While his analysis is correct, his prescription is widely off the mark. His advocacy of investing money to bring down prices of solar and other renewables is by itself faultless. However, the underlying assumption that is that this (ultra) cheap solar energy will allow us to replace the coal based electricity and maintain the same level of energy consumption. This is the fatal flaw in his prescription. The reality is that any energy source has an ecological (and livelihood) footprint. Any energy source – over its life cycle – will have an impact on the environment. In some cases this will be terribly destructive, and in other cases, it would be more benign. However, the cumulative impact of millions of benign cases can itself add up to be terrible. A small hydro plant is far less impacting than a massive dam, but if one builds a thousand small hydro in a single basin, the ecology of the basin and livelihoods of the people there would be severely impacted.

The same will hold at the global level for energy sources like solar. For example, a huge solar array say in the desert (a typical scenario often advanced) could suck up the energy in that locality, creating an “energy vaccum” or a “energy depression”. This could lead to changes in the atmospheric pressures, wind directions, speeds etc. We don’t know the consequences yet of large scale disruptions to the global solar energy flux.

So even if Lomborg’s idea of making solar ultra cheap is realised, we may escape the impact of climate changing carbon emissions, but are sure to end up with other, hitherto unforeseen impacts. The simple logic is that while the planet’s environment - a complex and till a few centuries back, a balanced system – can take relatively small interventions without losing the equilibrium, interventions on a massive scale can destabilise it.

This is not to argue against making solar and other sources cheap. This is indispensable in any case. But the real – and only solution is to cut down on the total consumption of energy – and then also have cheap and more benign sources like solar. If we want that countries like the US continue with electricity consumption of 13,000 KWH per capita per year (India is 550) and 7800 kg oil equivalent of total energy per capita per year (India 439) – already the burden on the environment is unbearable.
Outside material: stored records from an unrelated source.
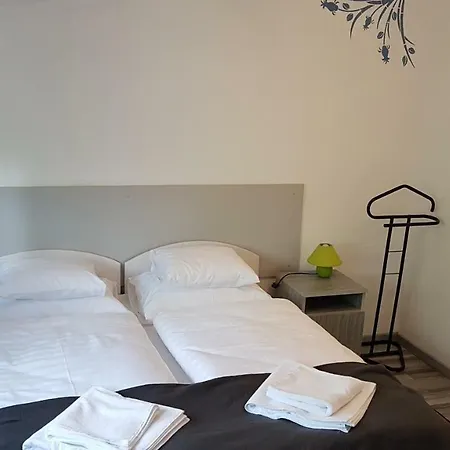 Aviator Apartman 아파트 *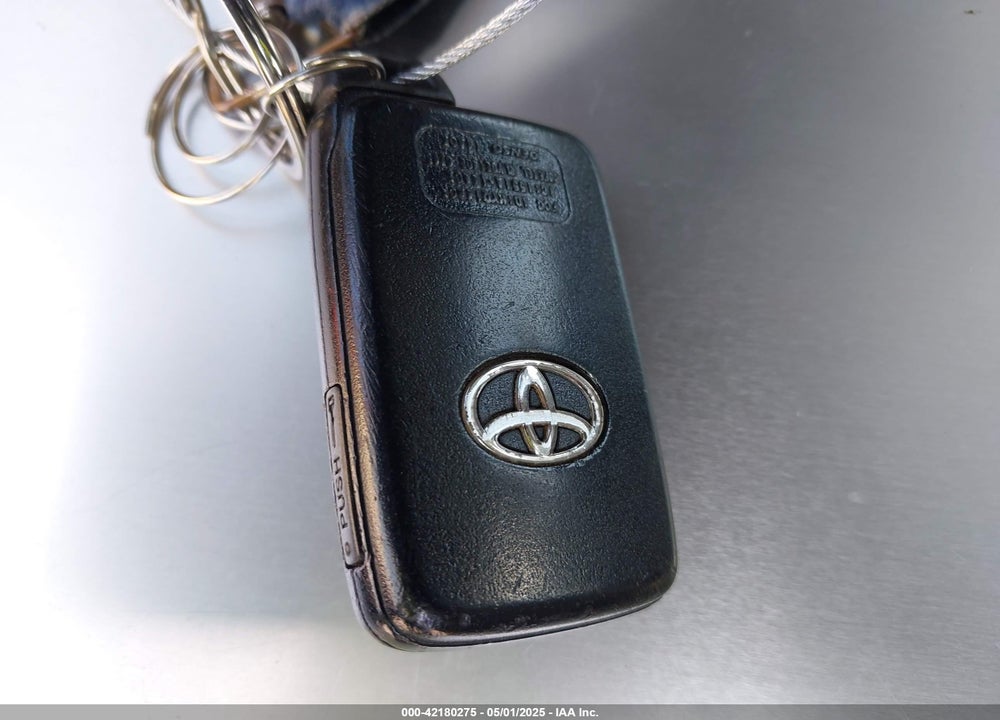 2014 TOYOTA PRIUS V TWO VIN: JTDZN3EUXEJ009232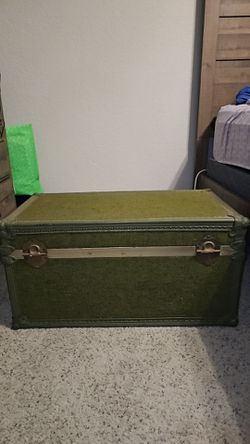 VINTAGE WW2 Steamer trunk army green military foot locker suitcase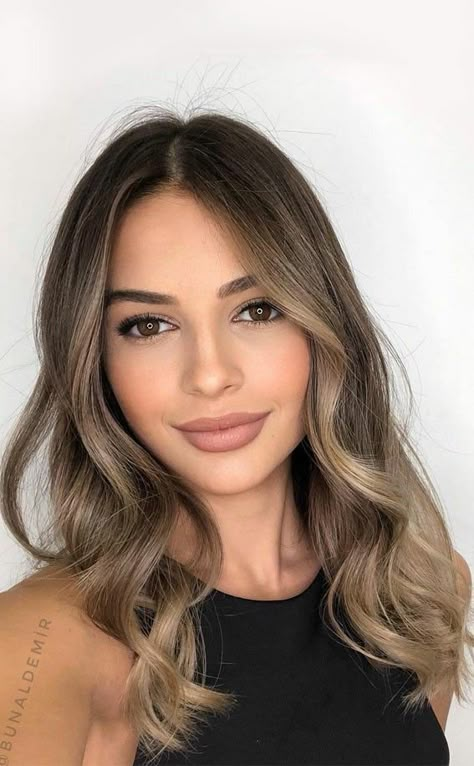 Brown Hair Colour Ideas, Brown Hair Colour, Brown Hair Inspo, Hair Colour Ideas, Brown Hair With Blonde Highlights, Hair Color Light Brown, Brown Hair Balayage, Light Hair Color, Brown Blonde Hair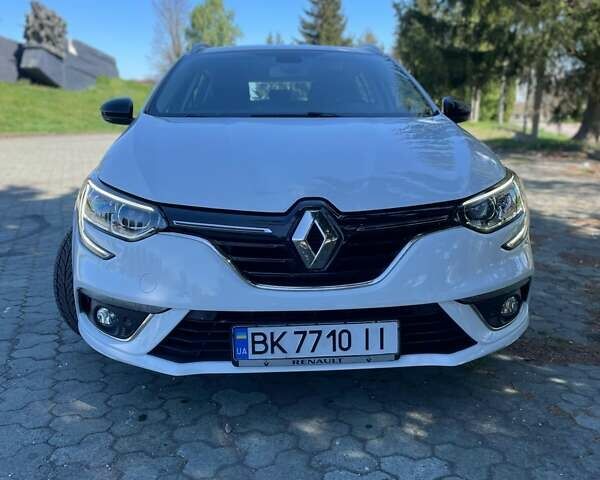 Белый Рено Меган, объемом двигателя 1.46 л и пробегом 205 тыс. км за 10700 $, фото 2 на Automoto.ua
If we want others (India, Asia, Africa) to have a chance to better their levels of energy consumption, then we can only imagine the huge amounts of generation that will be required. Even if these were to come from solar, it would still cause massive disturbances to the environment. In sum, we cannot move towards a solution to the climate crisis until the countries like US and others cut down their consumption (remember, billions of their fellow human beings are living with much lesser consumption of energy, minerals, metals etc), in the process creating space for others to move a little higher up on the scale, but still keeping in mind that they too would have to set limits to how much energy they can consume. Only when this fundamental restructuring is in place will other solutions like cheap solar be meaningful.